Restate, exactly as written, the entries below from the line that holds "Detail Gallery Image" through the line that holds "masterkingofmusclee Public XXX Photo 3". Pictures are not part of the copy.

- [RECORDS TO PROCESS]
-------------------------
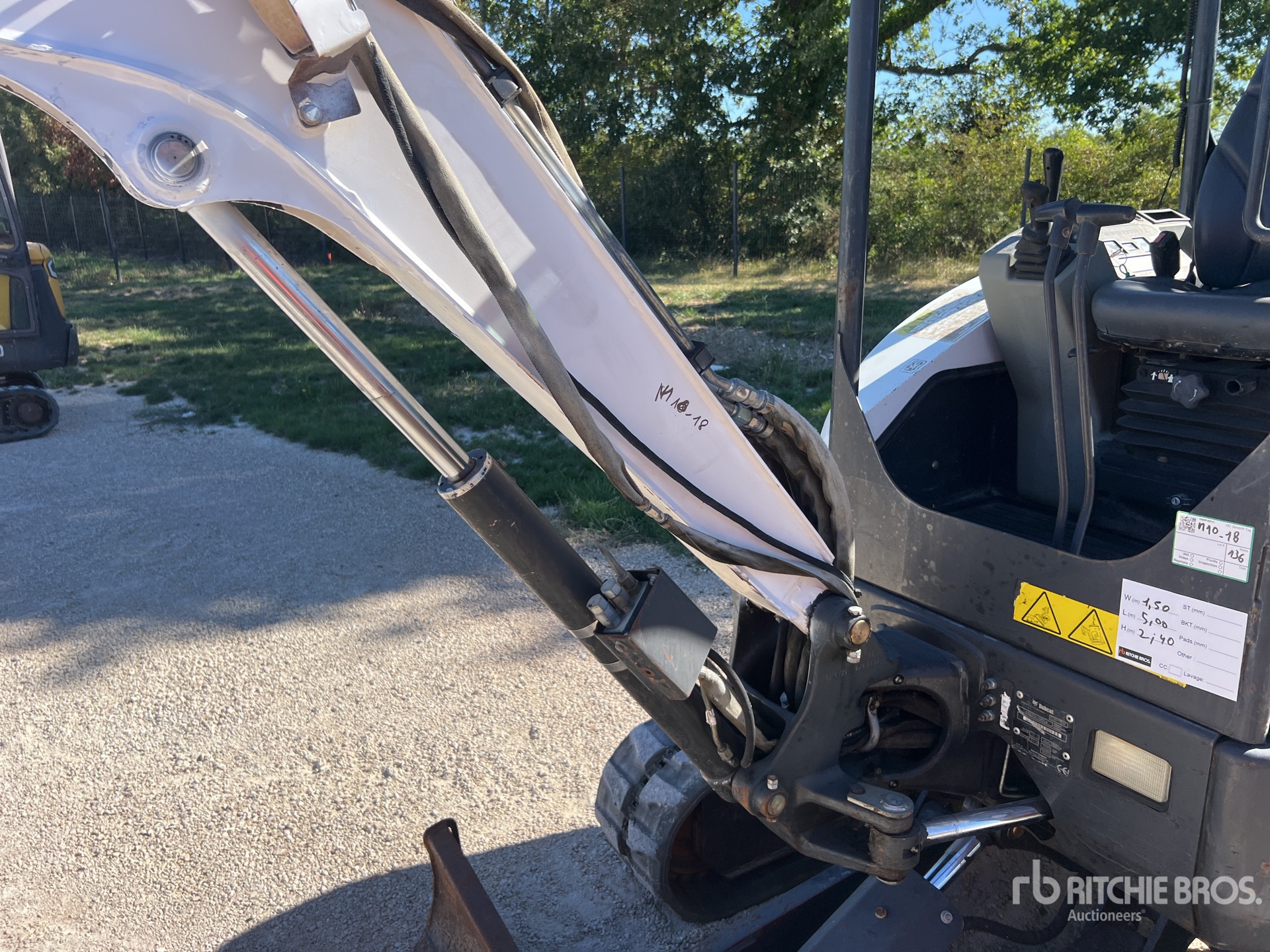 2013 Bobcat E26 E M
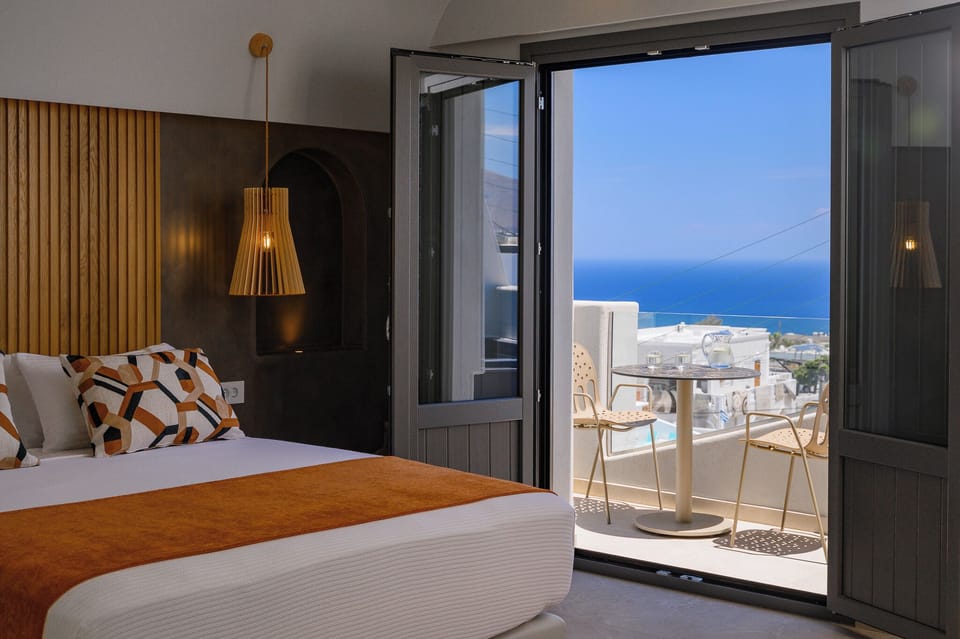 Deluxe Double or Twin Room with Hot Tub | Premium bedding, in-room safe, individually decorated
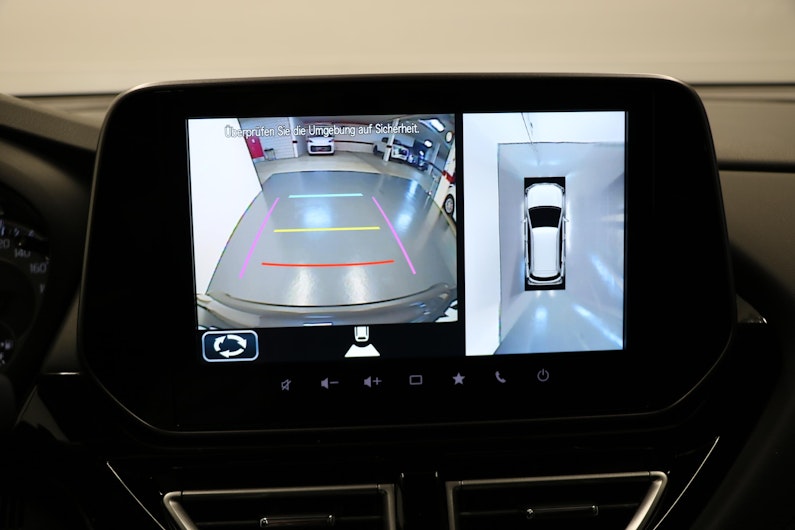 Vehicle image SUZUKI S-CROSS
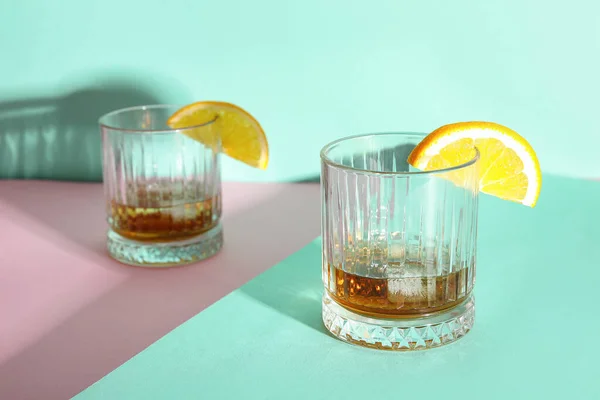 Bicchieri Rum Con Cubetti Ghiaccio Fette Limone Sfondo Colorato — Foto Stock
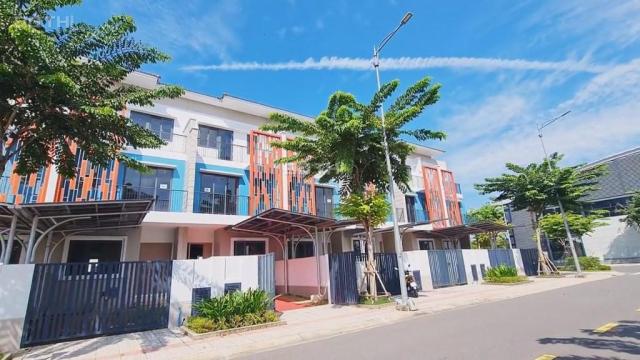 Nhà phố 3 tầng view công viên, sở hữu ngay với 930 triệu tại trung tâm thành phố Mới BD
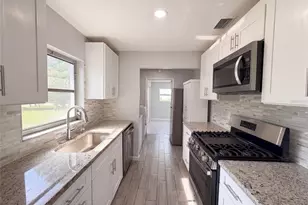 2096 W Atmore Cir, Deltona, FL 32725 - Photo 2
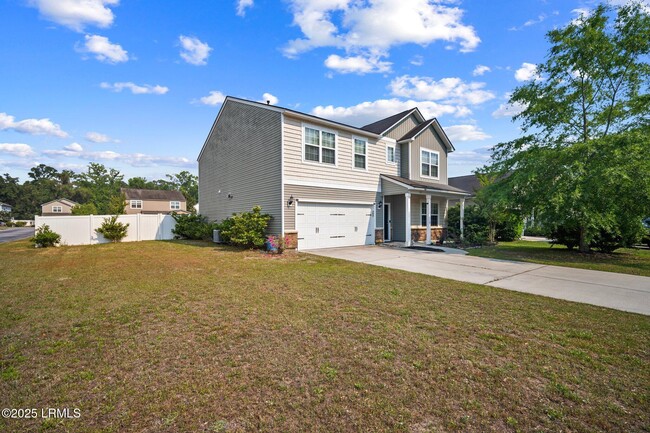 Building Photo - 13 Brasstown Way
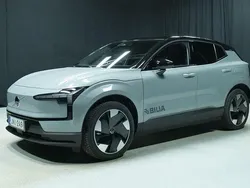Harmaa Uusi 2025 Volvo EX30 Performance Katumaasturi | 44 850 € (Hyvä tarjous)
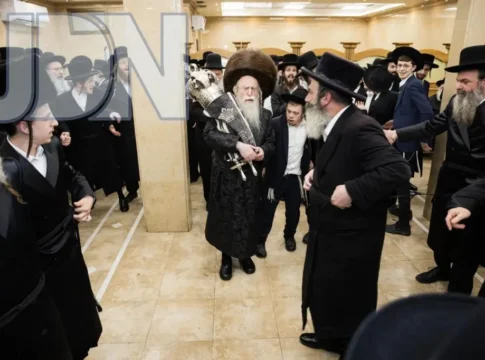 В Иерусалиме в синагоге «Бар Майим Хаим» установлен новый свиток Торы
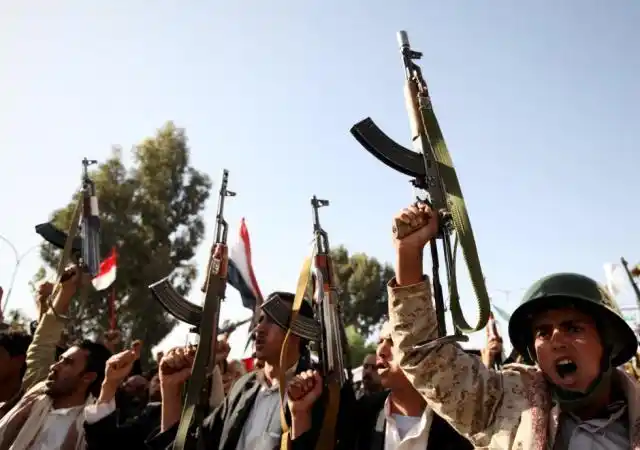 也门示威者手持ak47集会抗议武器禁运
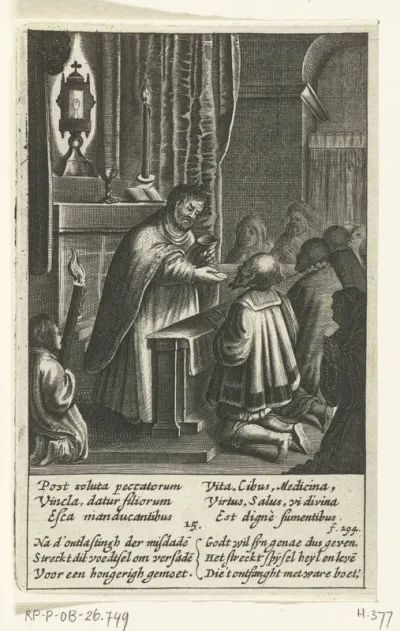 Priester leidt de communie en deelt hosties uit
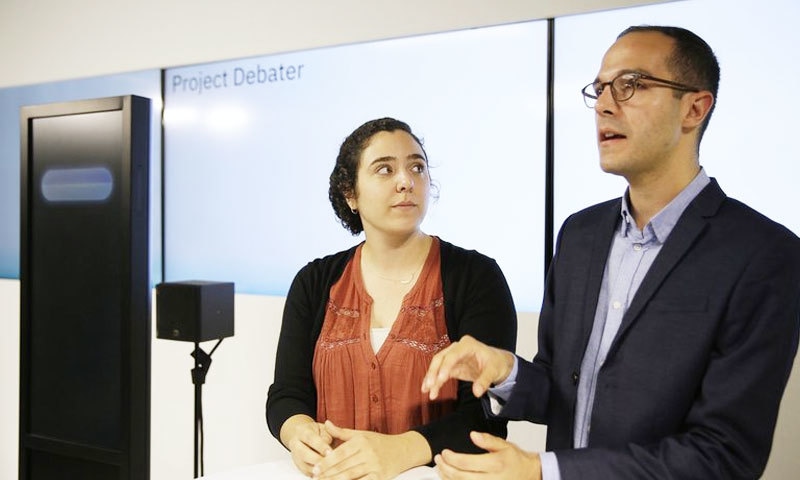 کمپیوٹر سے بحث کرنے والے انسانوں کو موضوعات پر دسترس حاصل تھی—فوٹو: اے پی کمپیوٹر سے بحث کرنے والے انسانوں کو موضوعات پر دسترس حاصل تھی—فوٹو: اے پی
-------------------------
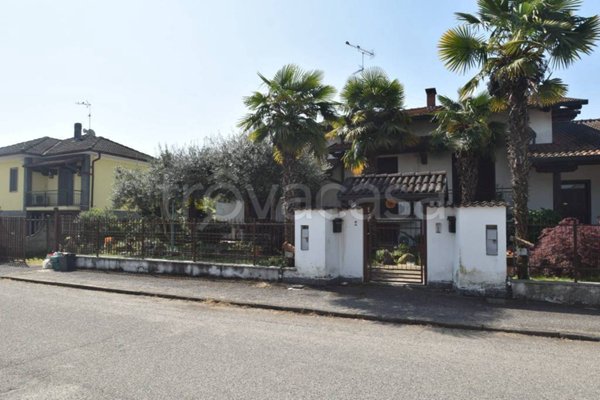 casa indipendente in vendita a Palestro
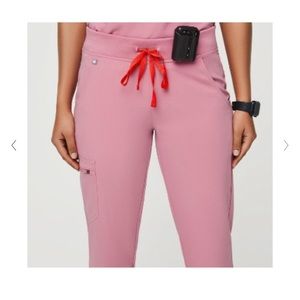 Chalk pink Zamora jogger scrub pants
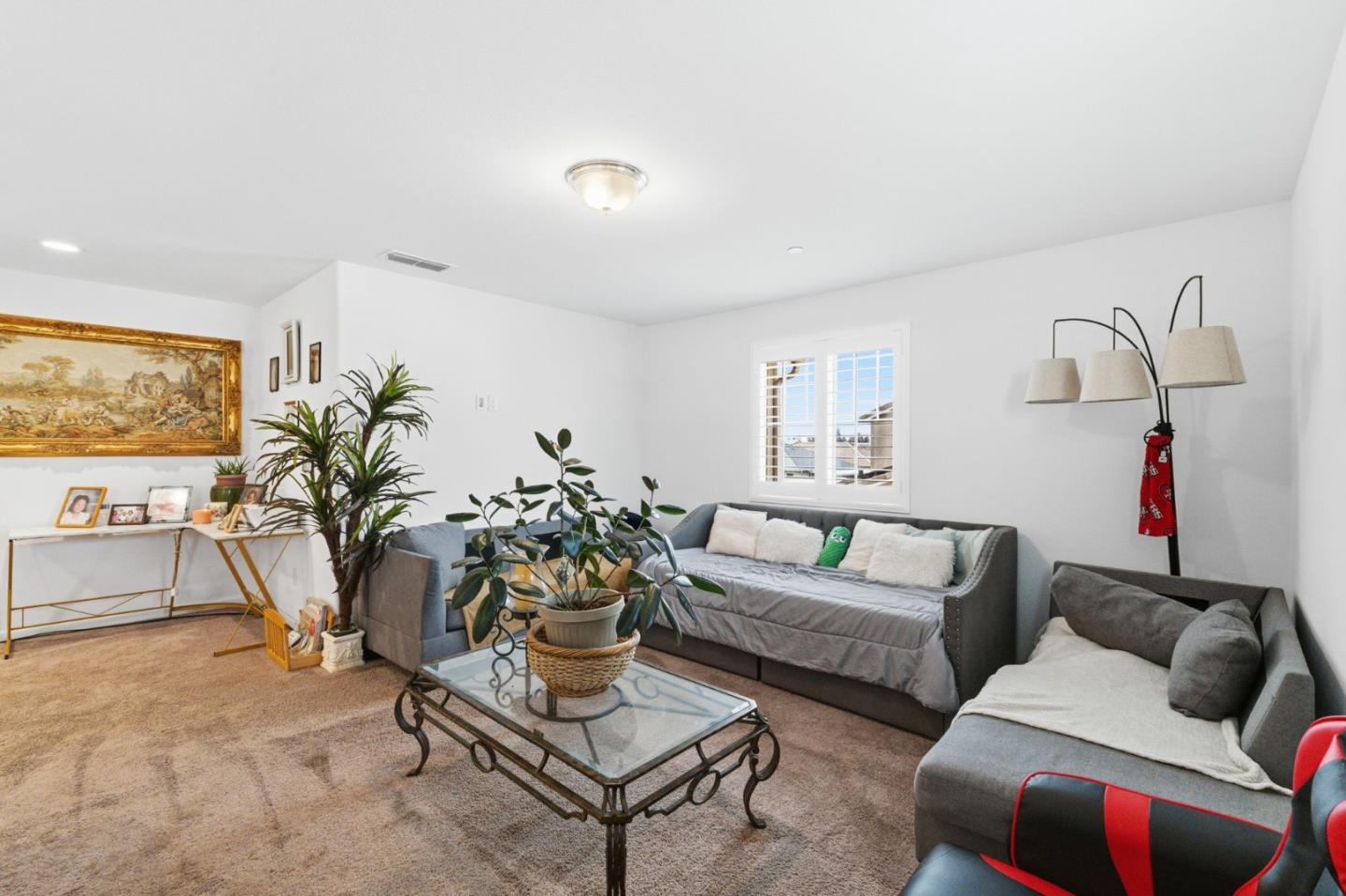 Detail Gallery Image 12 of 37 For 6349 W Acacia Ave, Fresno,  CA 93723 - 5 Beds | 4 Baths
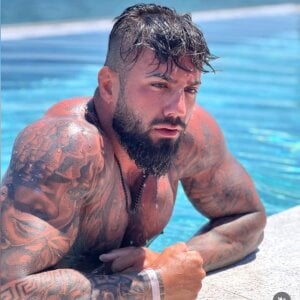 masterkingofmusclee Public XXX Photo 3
-------------------------
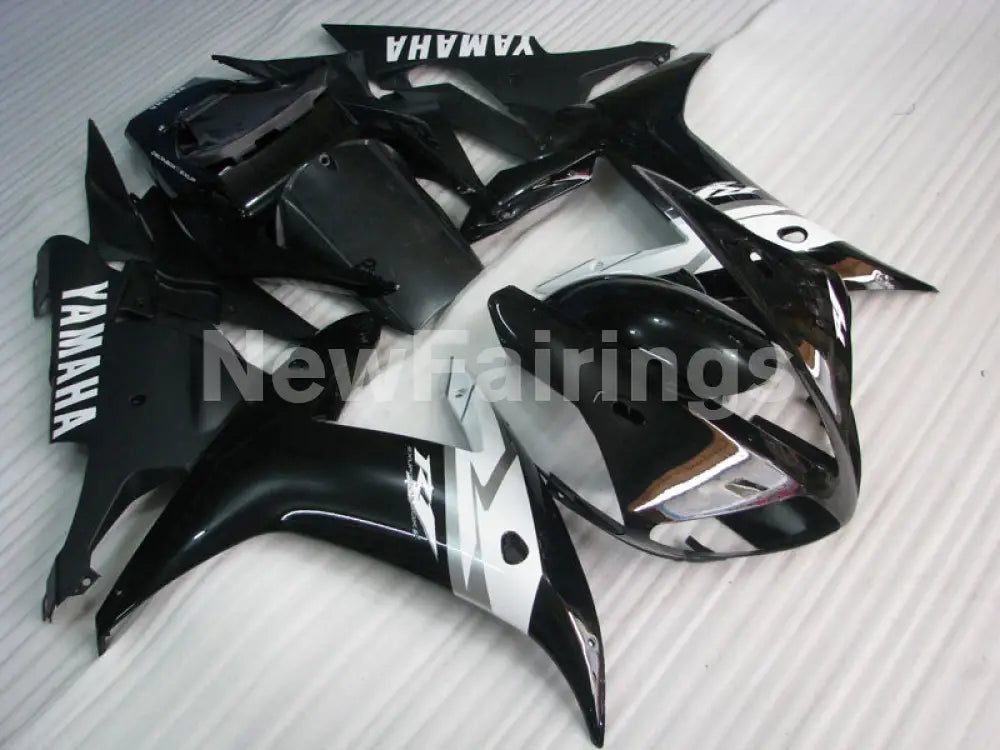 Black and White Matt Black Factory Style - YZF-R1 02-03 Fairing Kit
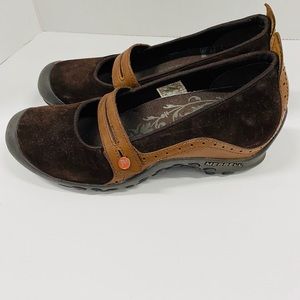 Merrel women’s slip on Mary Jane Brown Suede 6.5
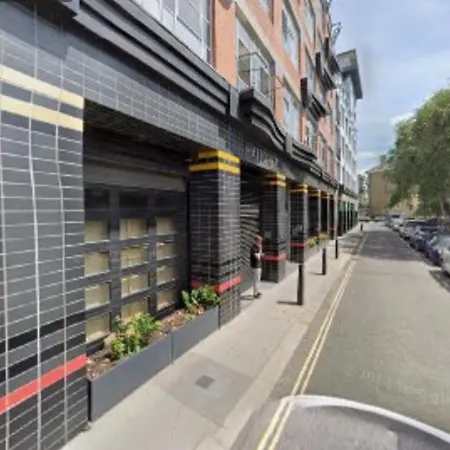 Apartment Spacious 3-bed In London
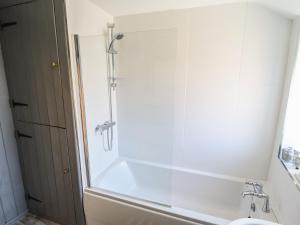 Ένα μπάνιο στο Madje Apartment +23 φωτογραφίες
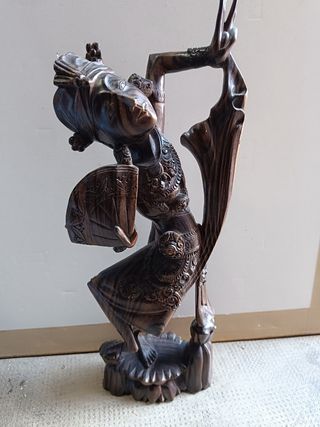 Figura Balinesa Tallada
-------------------------
- [COMPLETED TASK]
 Detail Gallery Image 12 of 37 For 6349 W Acacia Ave, Fresno,  CA 93723 - 5 Beds | 4 Baths
 masterkingofmusclee Public XXX Photo 3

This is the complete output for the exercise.